Information provided Block Start

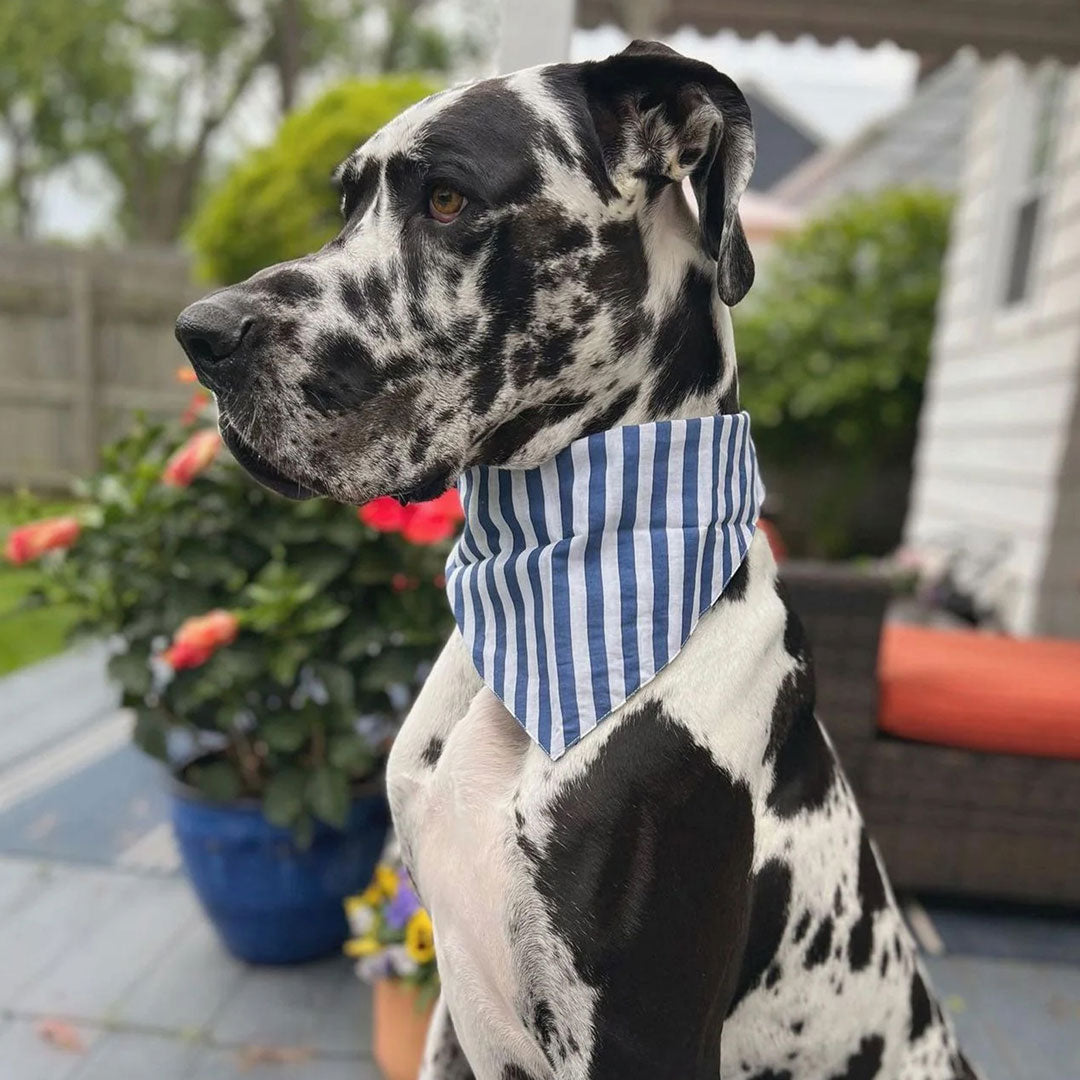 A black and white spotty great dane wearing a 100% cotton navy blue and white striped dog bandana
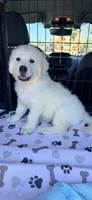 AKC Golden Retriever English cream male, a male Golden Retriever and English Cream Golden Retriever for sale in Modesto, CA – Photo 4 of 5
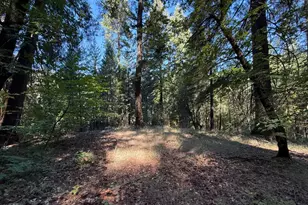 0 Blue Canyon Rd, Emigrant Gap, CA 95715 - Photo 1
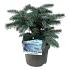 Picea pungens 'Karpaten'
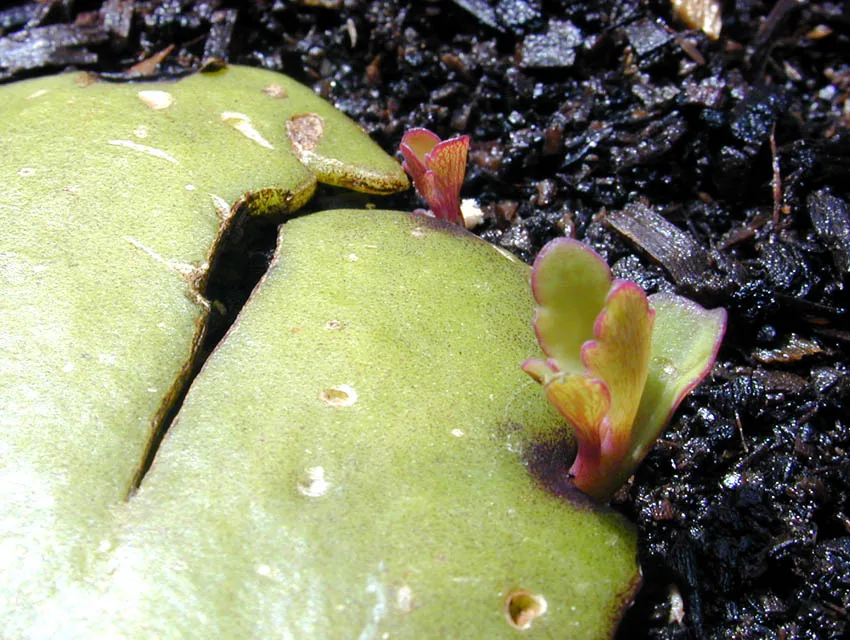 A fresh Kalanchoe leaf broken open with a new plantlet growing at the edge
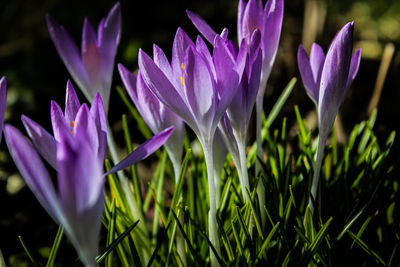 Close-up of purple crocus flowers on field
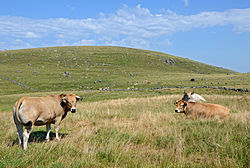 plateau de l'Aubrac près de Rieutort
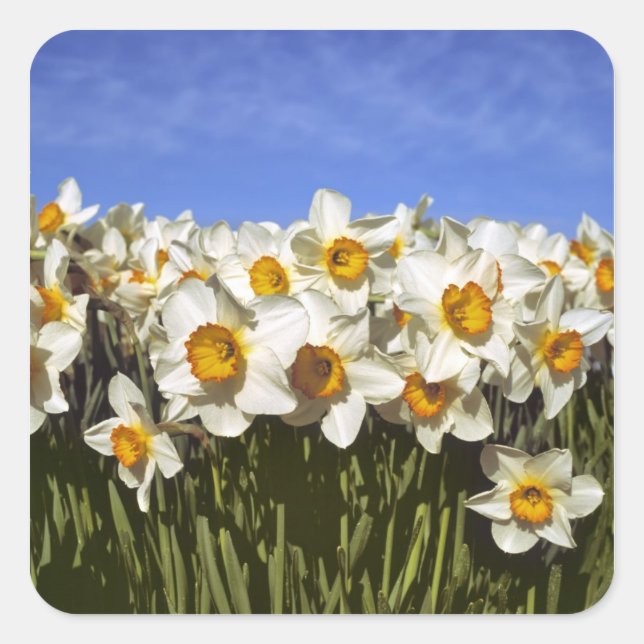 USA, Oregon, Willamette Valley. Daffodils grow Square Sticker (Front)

Information provided Block End
Information provided Block Start

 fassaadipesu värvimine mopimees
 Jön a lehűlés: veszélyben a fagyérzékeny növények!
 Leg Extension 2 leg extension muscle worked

Information provided Block End

**Prompt**
Above this task is a listing. Restate, word for word and with nothing added, the lines from the one with "Jön a lehűlés: veszélyben" through the one with "Leg Extension 2 leg extension muscle worked".

**Your solution**
 Jön a lehűlés: veszélyben a fagyérzékeny növények!
 Leg Extension 2 leg extension muscle worked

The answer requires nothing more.